### Image-caption web data
>>>>
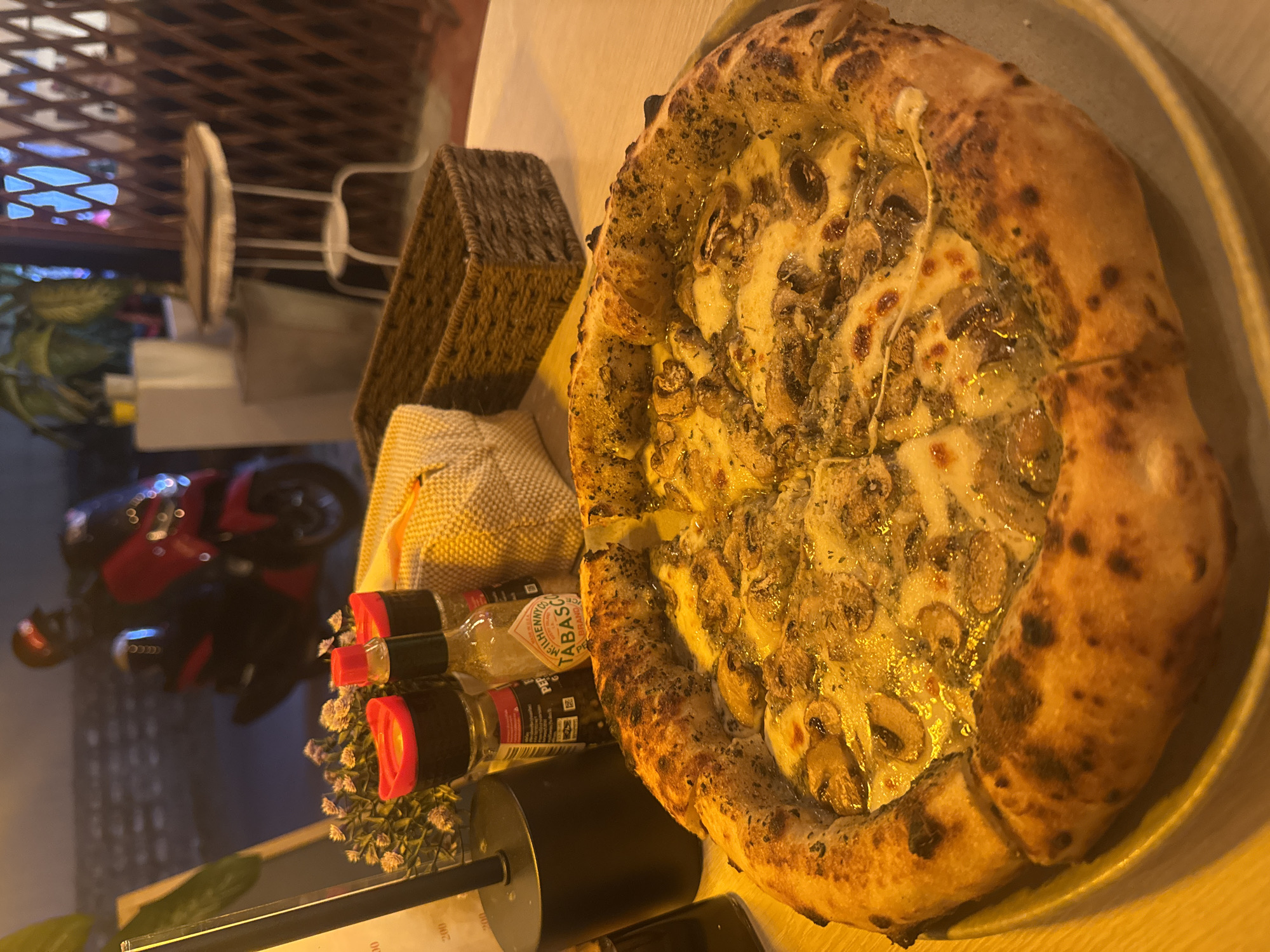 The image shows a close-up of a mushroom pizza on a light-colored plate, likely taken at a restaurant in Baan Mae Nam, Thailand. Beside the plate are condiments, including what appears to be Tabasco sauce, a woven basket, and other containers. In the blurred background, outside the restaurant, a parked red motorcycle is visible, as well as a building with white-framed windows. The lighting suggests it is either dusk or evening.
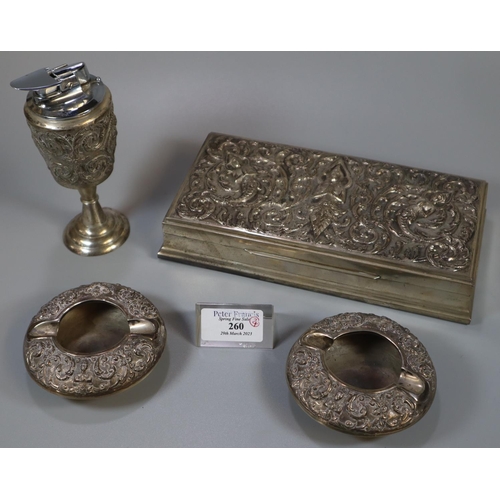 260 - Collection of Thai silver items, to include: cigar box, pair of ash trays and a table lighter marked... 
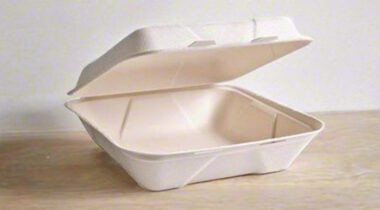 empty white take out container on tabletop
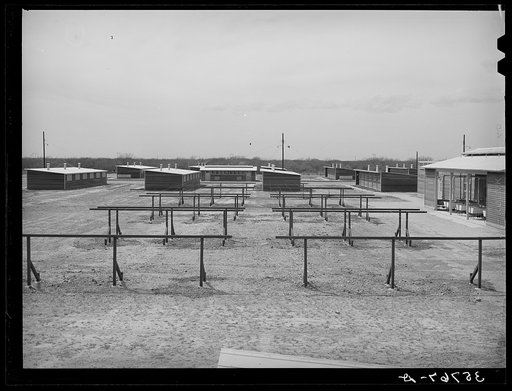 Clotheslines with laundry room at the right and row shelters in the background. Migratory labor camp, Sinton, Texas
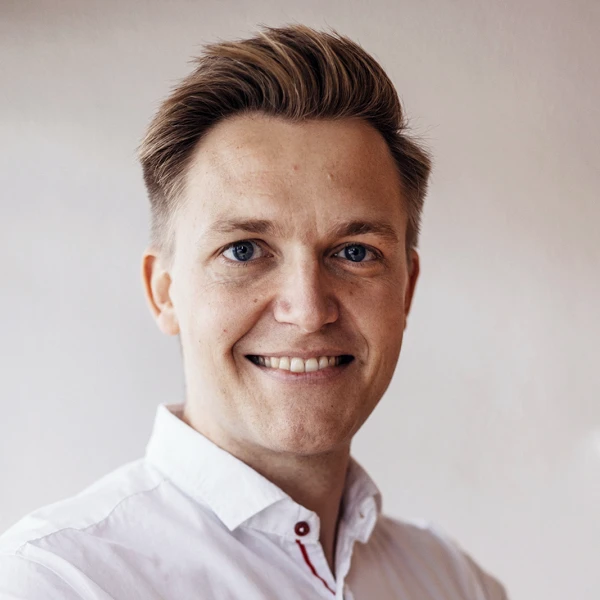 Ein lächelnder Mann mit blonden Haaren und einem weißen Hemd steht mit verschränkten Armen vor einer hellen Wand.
<<<<
Please transcribe, word for word, every line from the one containing "Clotheslines with laundry" through the last line of the records, both included, and leave the pictures out.

 Clotheslines with laundry room at the right and row shelters in the background. Migratory labor camp, Sinton, Texas
 Ein lächelnder Mann mit blonden Haaren und einem weißen Hemd steht mit verschränkten Armen vor einer hellen Wand.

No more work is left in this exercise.